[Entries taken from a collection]
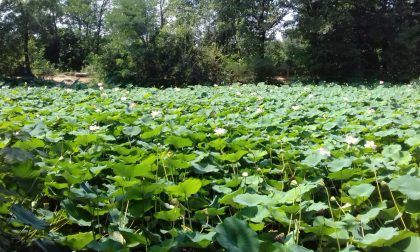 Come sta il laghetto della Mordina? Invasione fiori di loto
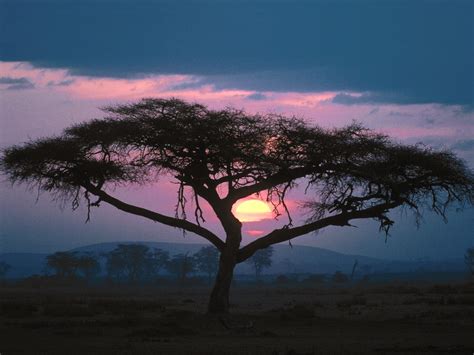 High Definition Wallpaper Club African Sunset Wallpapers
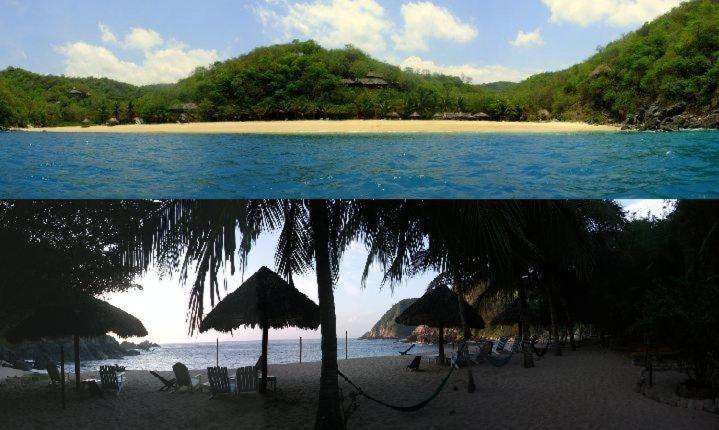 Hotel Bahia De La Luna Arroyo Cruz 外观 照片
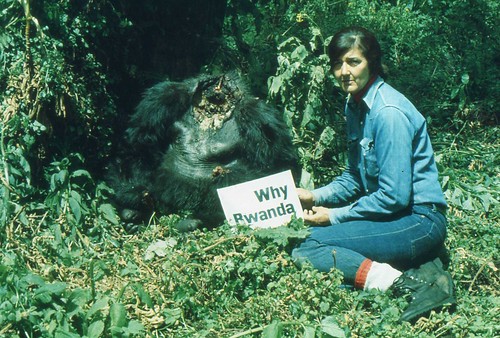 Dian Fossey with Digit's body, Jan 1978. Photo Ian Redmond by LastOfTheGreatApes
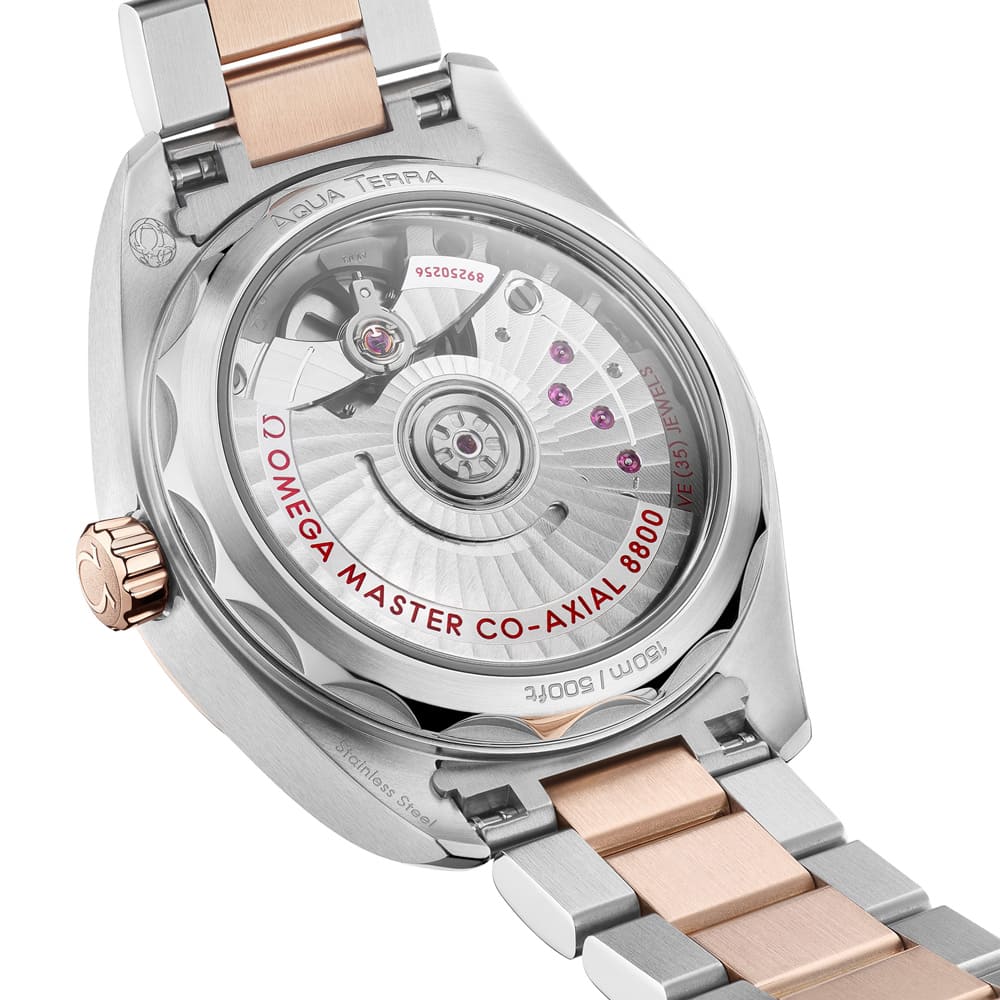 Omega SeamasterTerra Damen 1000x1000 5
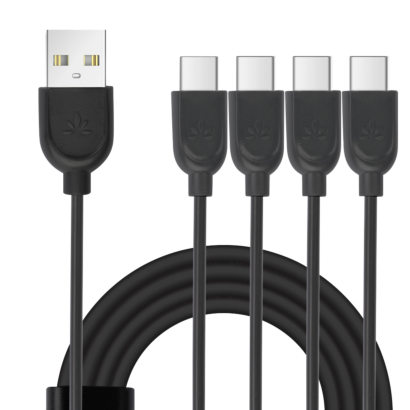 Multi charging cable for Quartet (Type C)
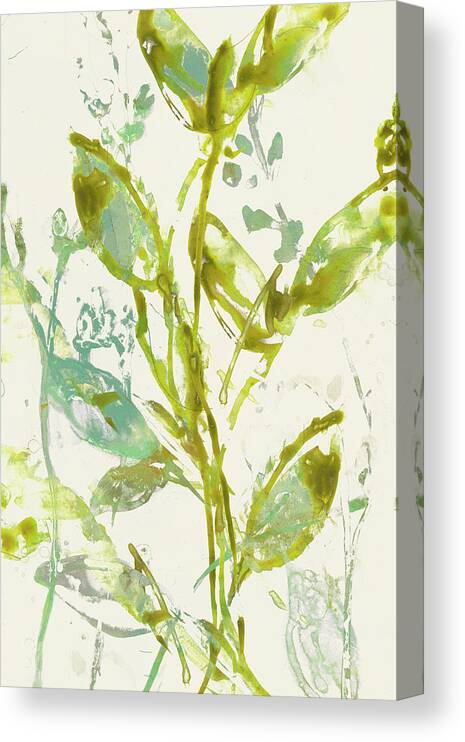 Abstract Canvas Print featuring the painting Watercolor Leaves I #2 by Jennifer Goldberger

**Work instruction**
Transcribe every entry word for word, but skip the pictures.

**Task solution**
 Come sta il laghetto della Mordina? Invasione fiori di loto
 High Definition Wallpaper Club African Sunset Wallpapers
 Hotel Bahia De La Luna Arroyo Cruz 外观 照片
 Dian Fossey with Digit's body, Jan 1978. Photo Ian Redmond by LastOfTheGreatApes
 Omega SeamasterTerra Damen 1000x1000 5
 Multi charging cable for Quartet (Type C)
 Abstract Canvas Print featuring the painting Watercolor Leaves I #2 by Jennifer Goldberger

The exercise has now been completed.